Lined up like sentinels were early editions of
Leaves of Grass
; I recognized the brown leather cover of the 1860 edition. This was the third printing. In the years that followed its initial 1855 publication, Whitman had decided that his work was too short. He'd been right about the massive volume that came out a few years later: “I am large, I contain multitudes.” I paged through quickly: “I am larger, better than I thought, / I did not know I held so much goodness.” I had finally come to terms with James's dark meditation at Holden Chapel, and perhaps I could even accept Emerson's suggestion that I should be self-reliant, but Whitman's buoyancy—that I could not abide. William James would, with equal parts admiration and bafflement, call the famous poet one of the temperamentally optimistic. Whitman even wrote anonymous reviews of his own writing—sparklingly reverent reviews. He sought out an endorsement of
Leaves of Grass
from Emerson and emblazoned the praise from his “master” on the spine of later volumes: “I greet you at the beginning of a great career.” Emerson was nonplussed but could hardly criticize Whitman's ingenuity—after all, Whitman had probably just taken Emerson at his word: “genius borrows nobly.” Once his reputation was solidified, Whitman sat for dozens of daguerreotype portraits and gave them away like business cards. Many of these photos—now framed and under glass—became heirlooms, passed from one generation to the next as evidence that the family had once cared about poetry and ideas. Even the Hockings were not immune from this sort of display.

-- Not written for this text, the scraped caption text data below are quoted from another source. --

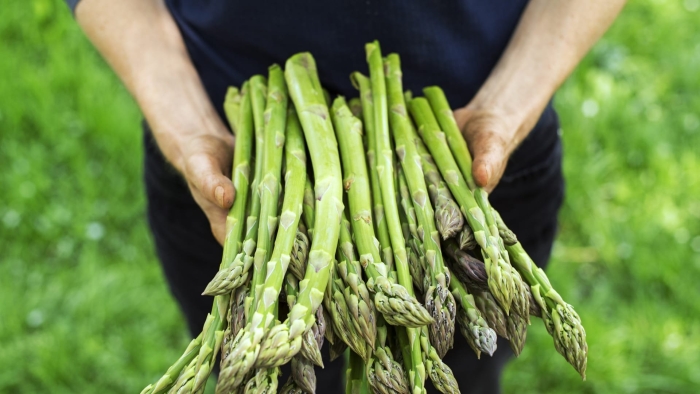 Спаржа куст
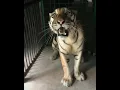 Download Lagu Harimau sumatra
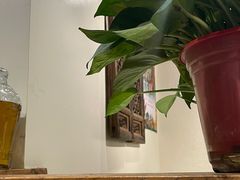 -茶花妹子云南餐厅(传媒大学店)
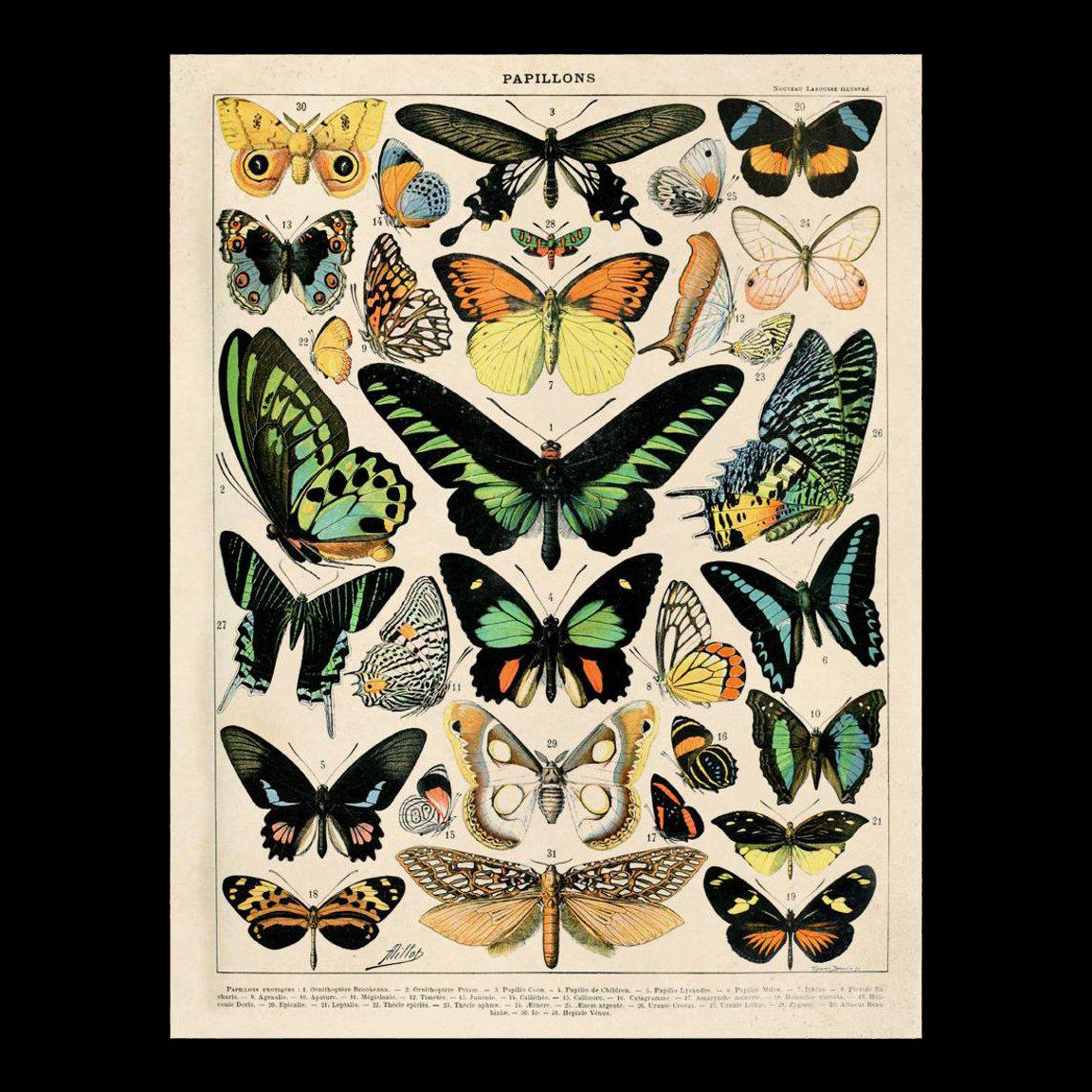 Butterfly Poster Wrap - Beautiful Butterfly Wall Art for Home Decor, Living Room, Bedroom & Office - Perfect for Gifts & Party Decorations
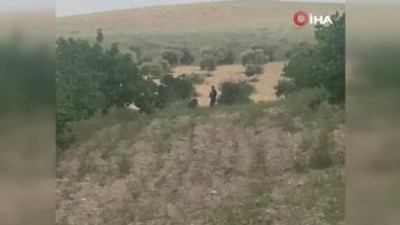 Cerablus’da patlama: 1 ölü, 2 yaralı. O anlar kamerada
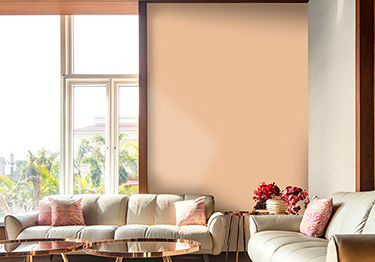 Contemporary Living Room Design with Stylish Hall Colour Combination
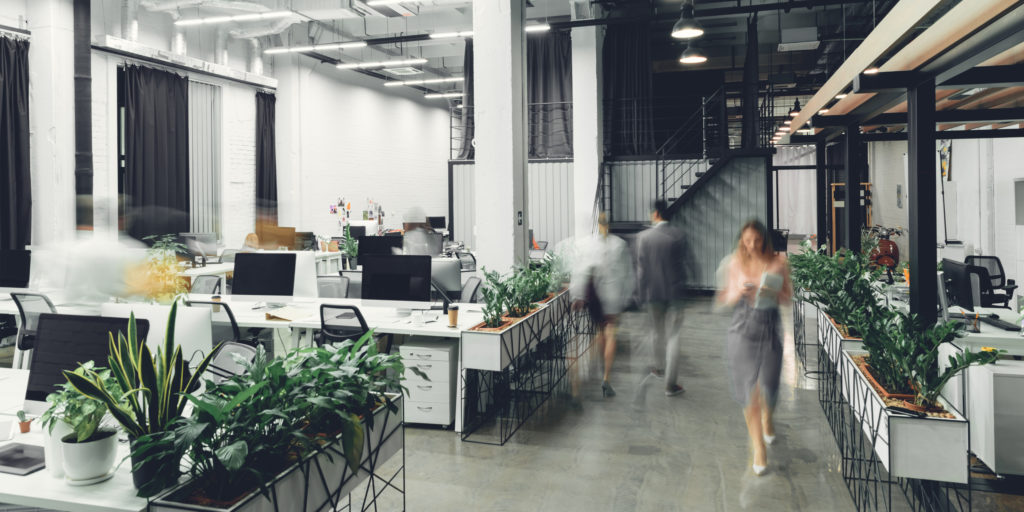 a modern open office space with plants and white office furniture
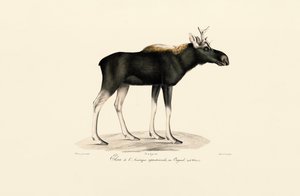 Amerikansk elg (Alces americanus) av Jacques Christophe Werner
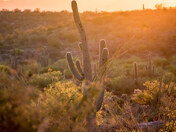 Saguaro National Park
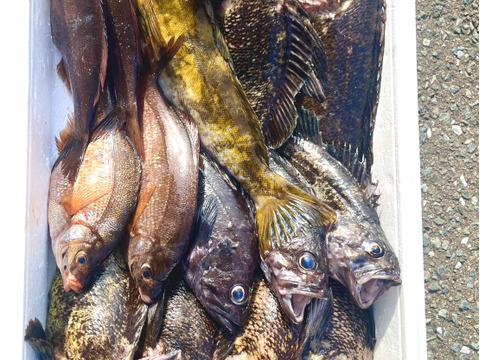 高級魚鮮魚ボックス❗️5kg サービス増量あり❗️青森県津軽海峡産❗️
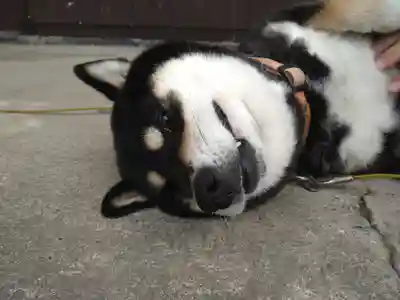 長福寺(長野県)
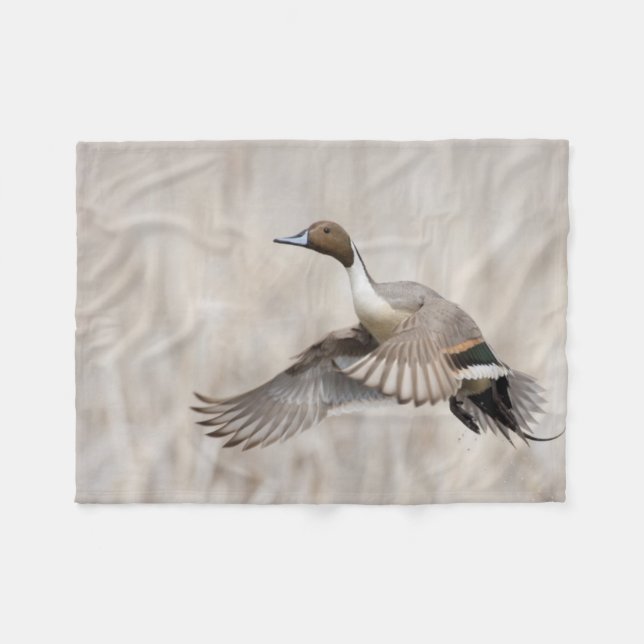 Pintail Drake Taking Flight Fleece Blanket (Front (Horizontal))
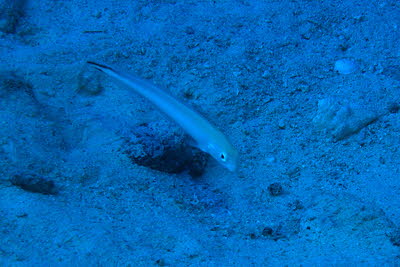 Gestreifter Torpedobarsch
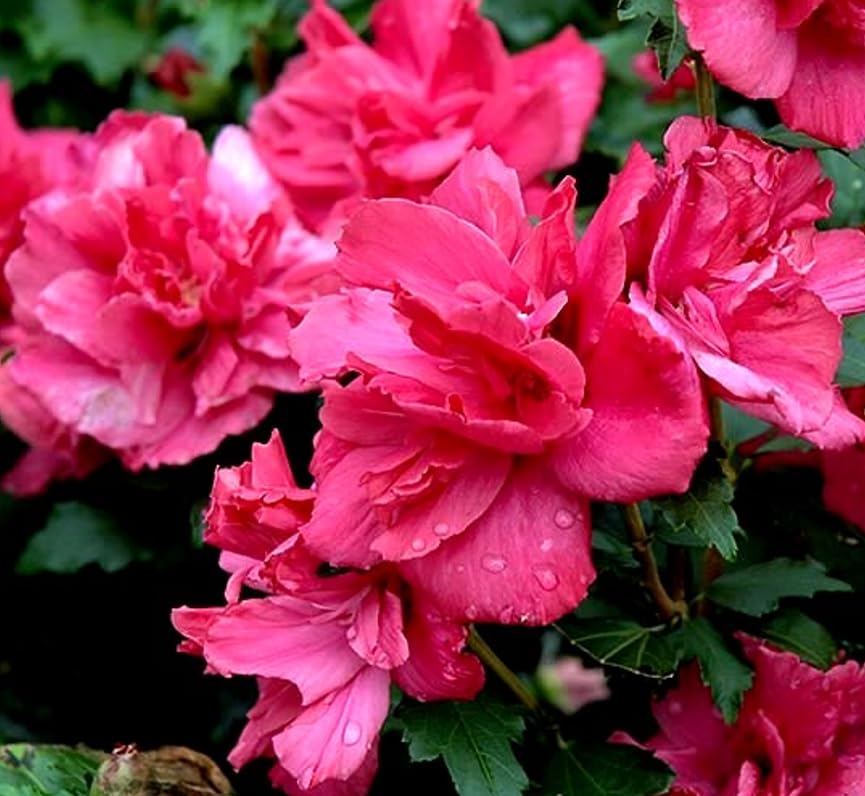 2 Red Lucy Rose of Sharon Shrubs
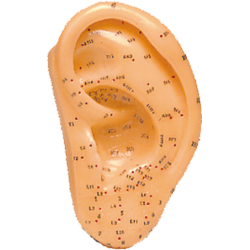 Kit de 7 modelos - Mujer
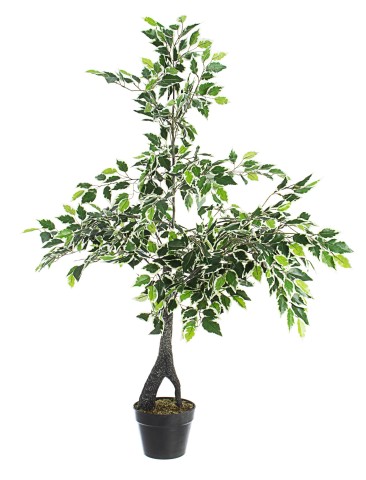 PIANTA FICUS VARIEGATO CON VASO 0172636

The frame was oblong and larger than I'd expected—it was on the floor, propped haphazardly against the shelf. I pulled it out of the shadows and wiped the grime from the glass. There was Whitman, peering out like Rip Van Winkle. Beneath the portrait was a note:

Camden, New Jersey

March 26, 1885.

Dear Boyle,

I send you some mail with this little roll of pictures—take your choice, what you like for yourself. Send one to Bagenal, as I have not got his address … I am well as usual—but am very lame—Have not been anywhere outside for over a year …

Walt Whitman

The discoveries at West Wind were no longer shocking, but the idea that things so precious could go to waste so easily was deeply unsettling. Then again, sometimes West Wind could be exasperating: “I am well
as usual
,” Whitman wrote. How could one be at once “very lame” and “well as usual”? You'd have to be either a superhero or a liar.

A mature and healthy Whitman met John Boyle O'Reilly four years earlier, in February 1881, at the inaugural meeting of the St. Botolph Club, a literary society that was modeled after the Century Association in New York. Its membership list read like a Who's Who of Boston: Henry Cabot Lodge, John Singer Sargent, and Henry Houghton and George Mifflin of the eponymous publishing house were all in the club. St. Botolph's was a swanky Brahmin affair that convinced Whitman—if he still needed convincing—that he'd finally made it into the New England literati. He was in the process of finishing what many scholars consider the last true edition of
Leaves of Grass
. The little volume had started as twelve poems but three decades later was edging toward four hundred. When Emerson died, in 1882, Whitman sought other champions, and O'Reilly, who was quickly becoming a cultural icon in Boston, fit the bill.